◆ Task inputs
_ _ _ _
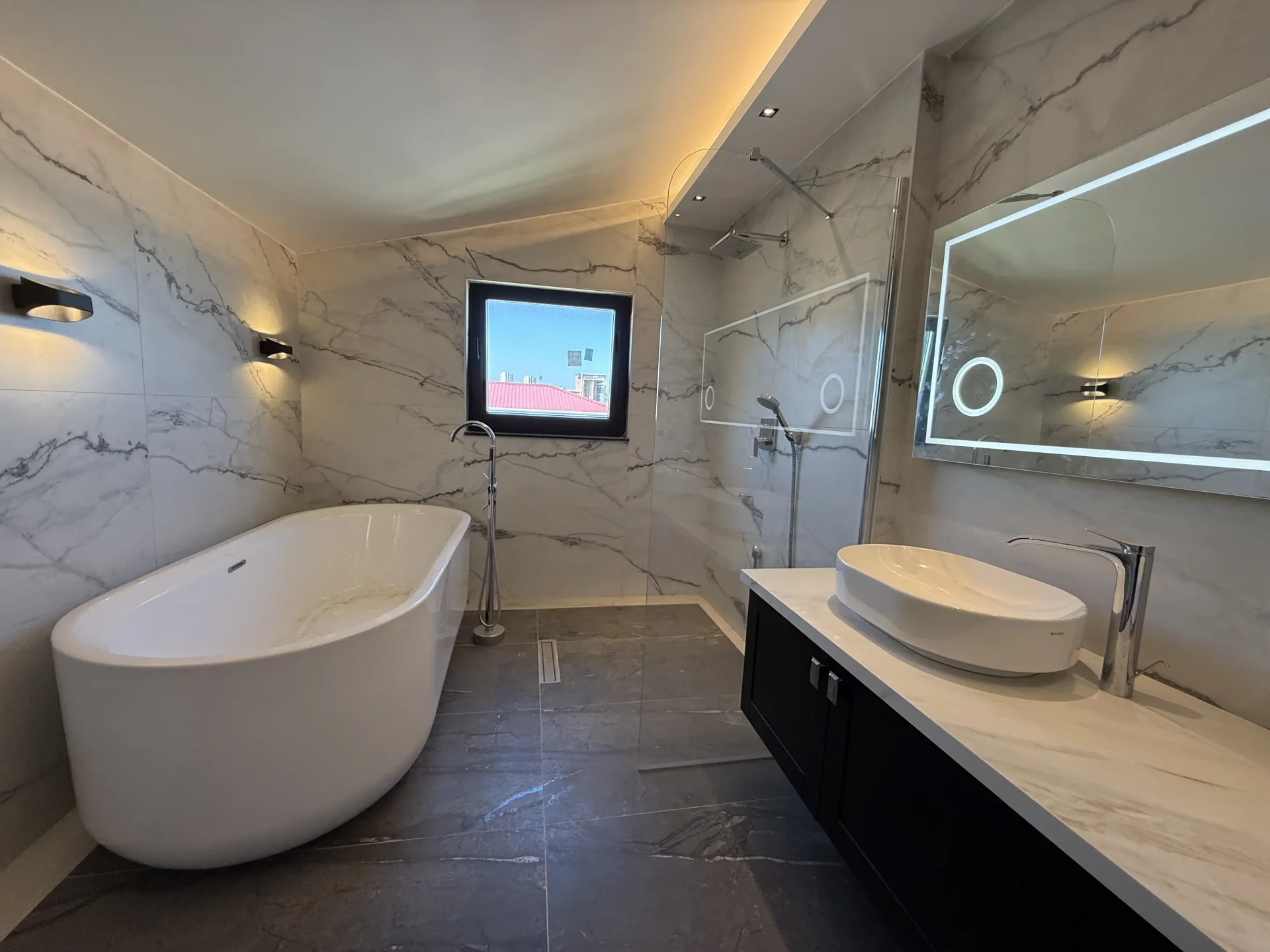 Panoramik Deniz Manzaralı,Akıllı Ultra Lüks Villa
_ _ _ _
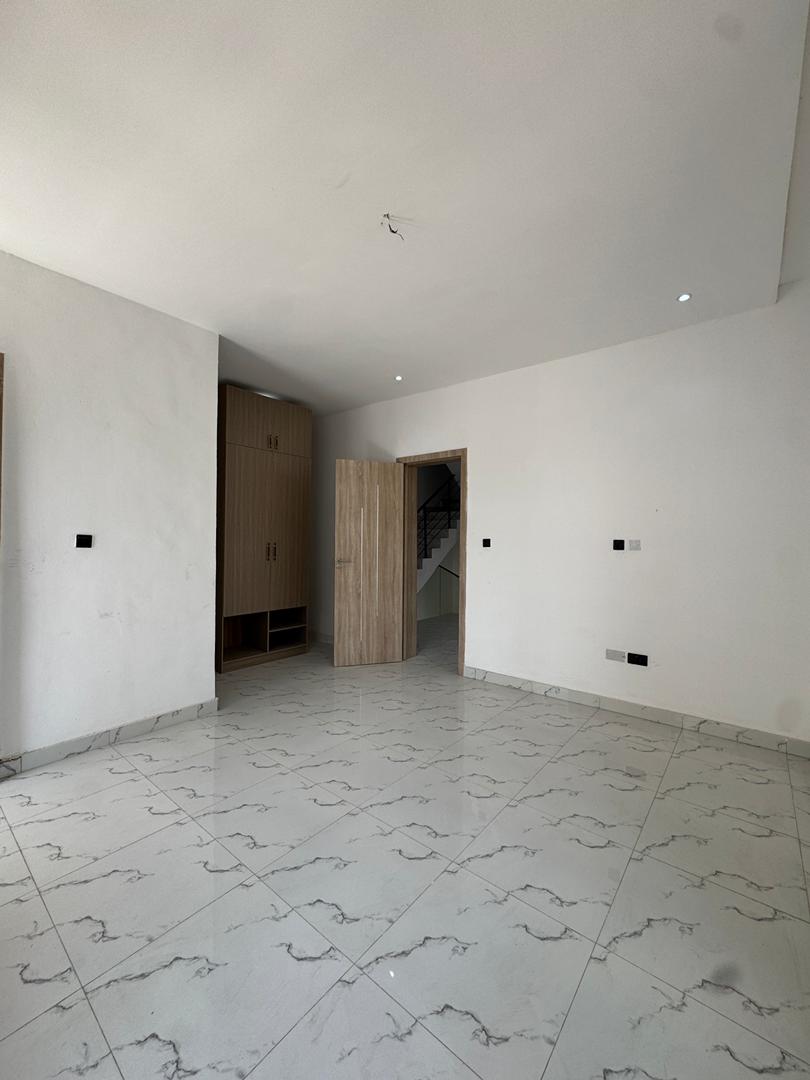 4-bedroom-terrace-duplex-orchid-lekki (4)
_ _ _ _
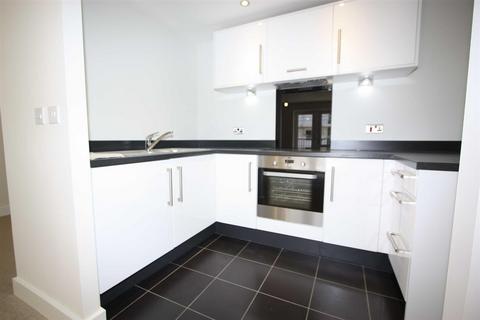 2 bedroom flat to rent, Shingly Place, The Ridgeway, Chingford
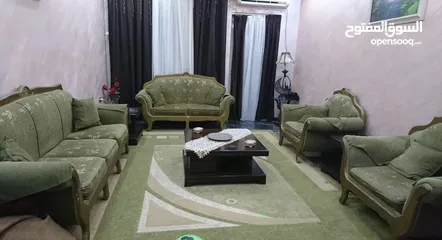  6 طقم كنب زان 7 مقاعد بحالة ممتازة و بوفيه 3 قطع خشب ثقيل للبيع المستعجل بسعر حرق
_ _ _ _
◆ Work item
Among the entries above, locate the line with "2 bedroom flat" and the line with "6 طقم كنب زان". Give those two lines and all lines between them again, exactly, leaving out the pictures.

◆ Written reply
 2 bedroom flat to rent, Shingly Place, The Ridgeway, Chingford
  6 طقم كنب زان 7 مقاعد بحالة ممتازة و بوفيه 3 قطع خشب ثقيل للبيع المستعجل بسعر حرق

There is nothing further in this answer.